Take Eoghan Murphy TD’s proposed Tax Transparency bill. The principles (here) behind the bill are sound, and I have written about the concept before here. Deputy Murphy deserves credit for pushing the issue. However, just when you get your hopes up, read about Michael Noonan’s response to it. Whilst not opposing it, he suggests that it could be “logistically difficult”.
Now, just think about that for a minute: the man in charge of how are tax is spent reckons it could be quite a challenge to tell us where it has gone. I’m sorry? The Department of Finance, which managed to devise the most complicated rat’s maze of allowances for public servants (including an allowance for eating lunch near a desk and an allowance for not getting an allowance) will find it difficult telling voters where their money has gone?
The truth is, they won’t. They just don’t want to, and not because Noonan is some sort of baddy either.
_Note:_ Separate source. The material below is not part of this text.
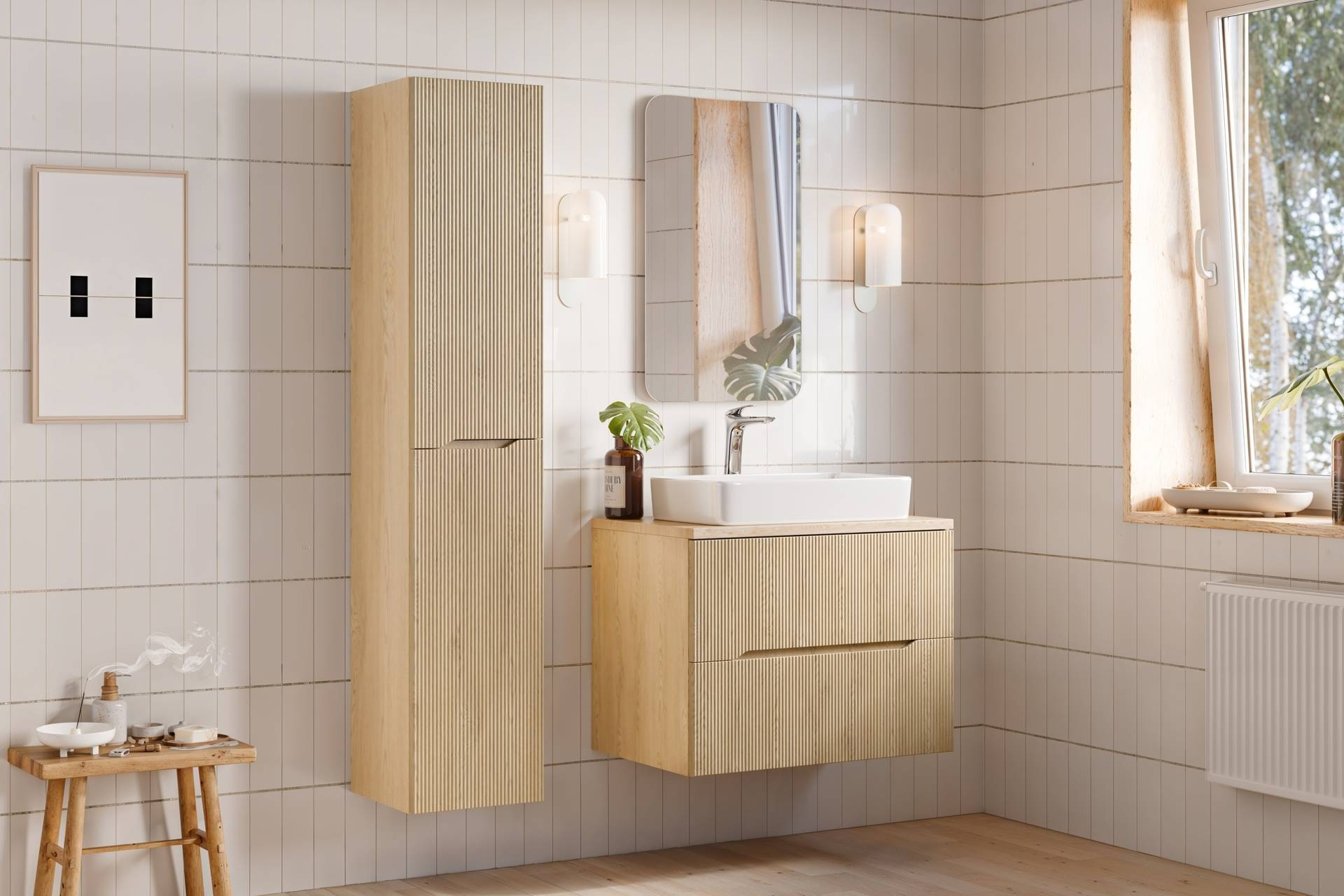 Izlietnes skapītis ar darba virsmu komplektu, 80 cm, Nordic Cremona — 3 attēls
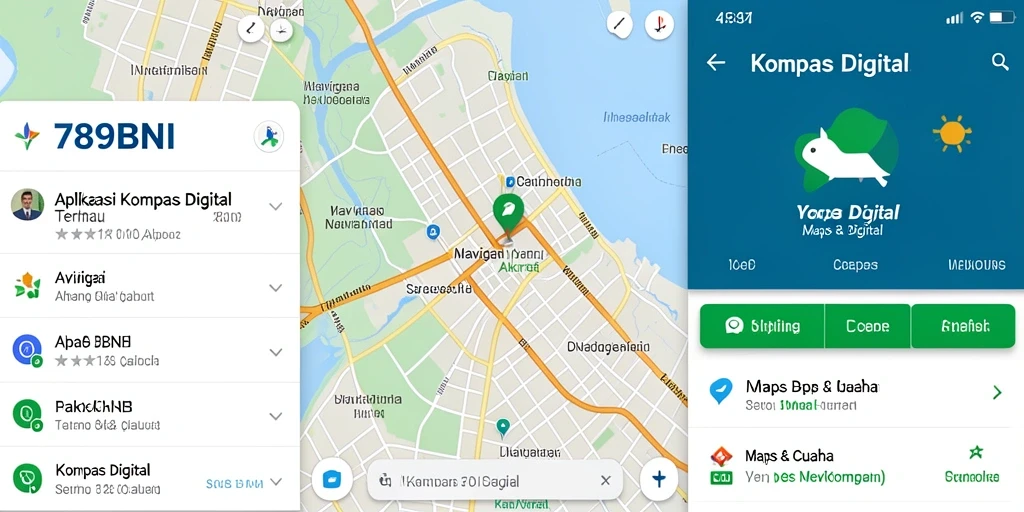 Tampilan antarmuka 789BNI dengan kompas digital yang responsif.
But because inside the tiny little box that is the range of government creativity they can’t see why the public should need this information. After all, we’ve never given it to them before!
The single most depressing aspect of this whole thing was Noonan’s suggestion that maybe some sort of web link could be stuck on the bottom of the P60. The idea went from a cert every single taxpayer would get in the post, which many would sit down and read with a cup of tea and a chocolate digestive, and which would almost certainly shock (read “educate”) them when they see that most of their tax does not go on TDs salaries and the government jet, and that most of them get more out than they pay in, to some sort of link that a tiny fraction of them might just look up.
What Noonan does not seem to grasp, and, to his credit, Murphy does, is that educating Irish voters about the reality of taxing and spending would actually make his and the government’s job just that little bit easier. The fact that such a thing does not even seem to occur to the minister for finance confirms that the view inside that tiny little box on Merrion Square is very limited indeed.